● Records for the exercise
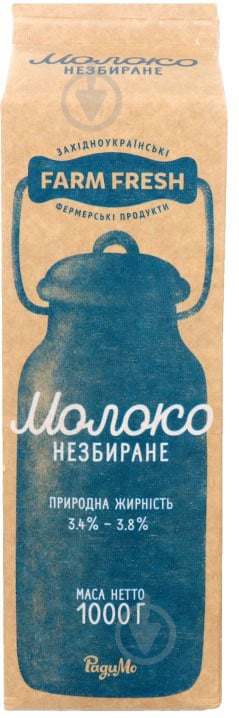 Молоко ТМ Farm Fresh 3.4-3.8% незбиране 1000 г - фото 1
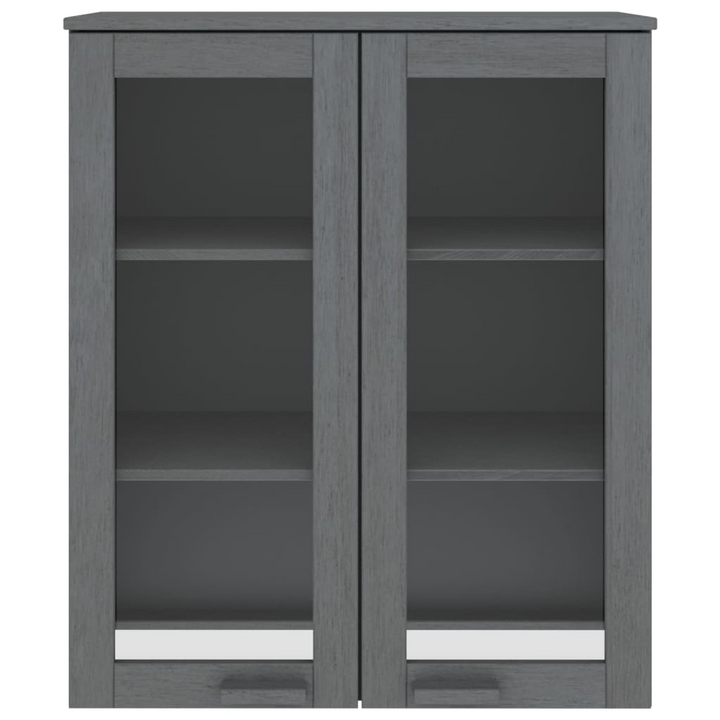 HAMAR Highboard Top in Dark Grey Solid Pinewood, 85x35x100cm with Glass Doors and Shelves | Stylish & Functional Storage Solution - Premium  from Home Treasures - Just £147.99! Shop now at Home Treasures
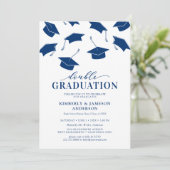 Cartes d'invitation simples bleues pour une double (Debout devant)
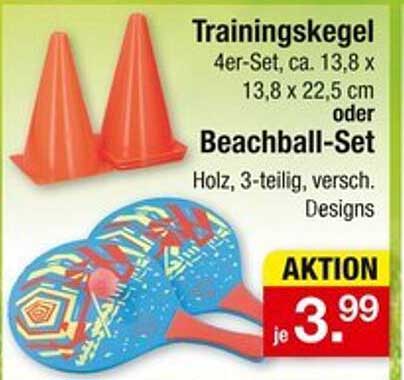 Trainingskegel 4er-Set oder Beachball-Set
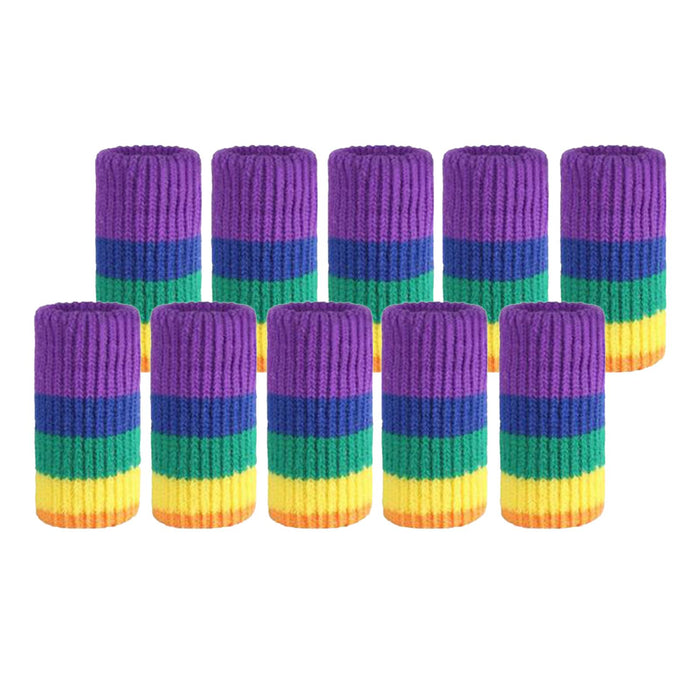 10Pcs Finger Sleeves Protectors Elastic for Relieving Pain Cycling Biking Iridescent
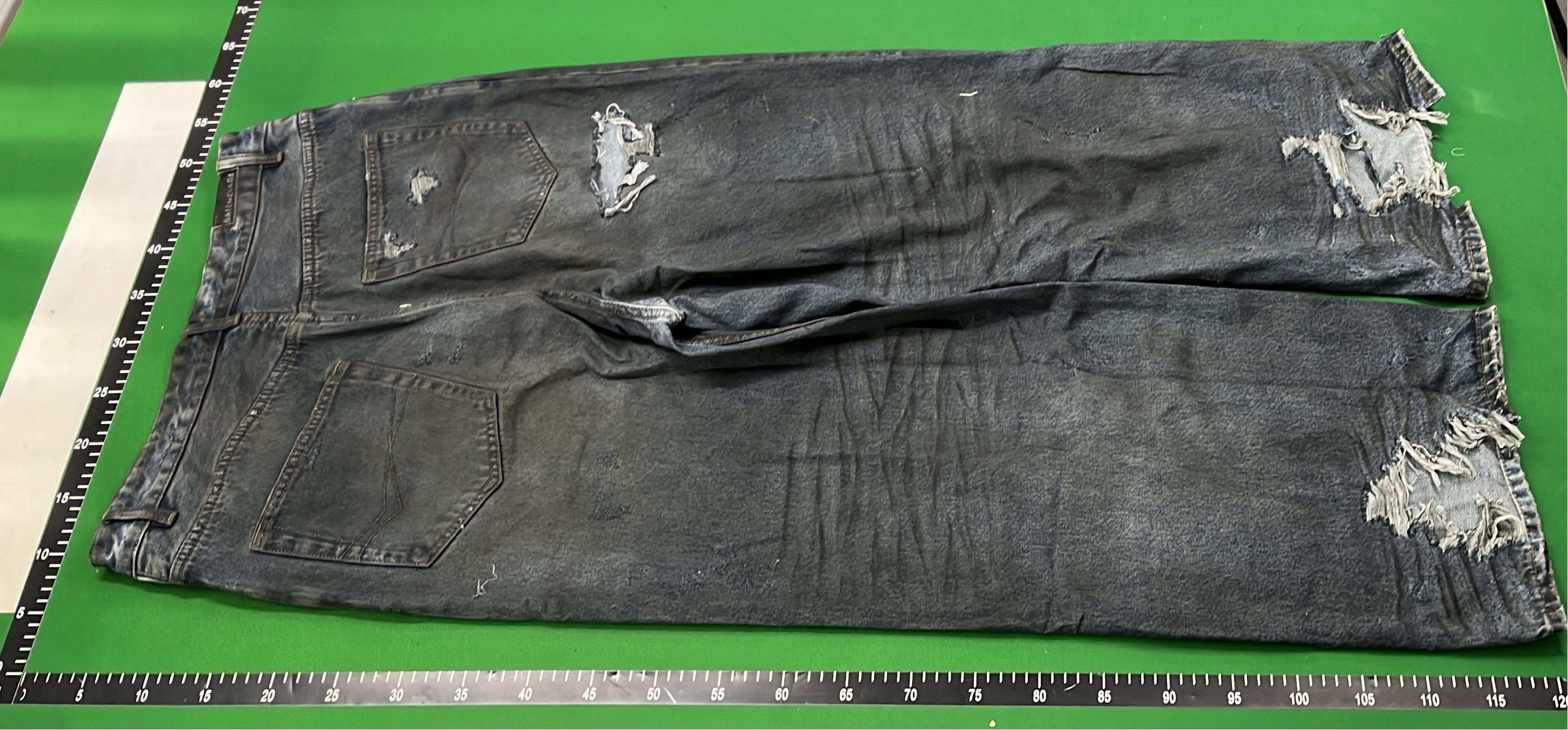 Distressed Wide Leg Denim Pants with Ripped Design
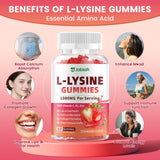 Jabsah L-Lysine Gummies 1000mg gummies on a table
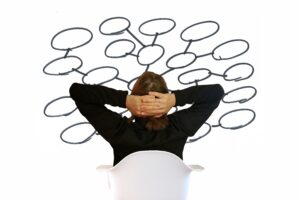 woman contemplating a mind map to be filled in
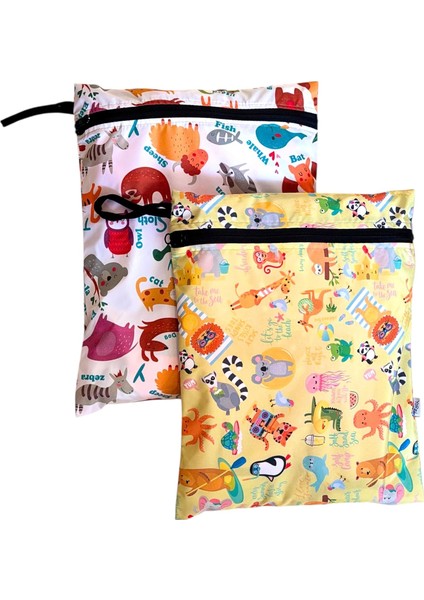 Yorni 2 Adet, 37 x 30 Cm, Summer ve Zoo Desen, Sıvı Geçirmeyen Çok Amaçlı Çanta, Ekonomik Set, Yıkanabilir fiyatları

● What you have to do
Verbatim transcription needed, from the opening line of the entries above through the line containing "HAMAR Highboard Top"; pictures do not belong in it.

● Exercise result
 Молоко ТМ Farm Fresh 3.4-3.8% незбиране 1000 г - фото 1
 HAMAR Highboard Top in Dark Grey Solid Pinewood, 85x35x100cm with Glass Doors and Shelves | Stylish & Functional Storage Solution - Premium  from Home Treasures - Just £147.99! Shop now at Home Treasures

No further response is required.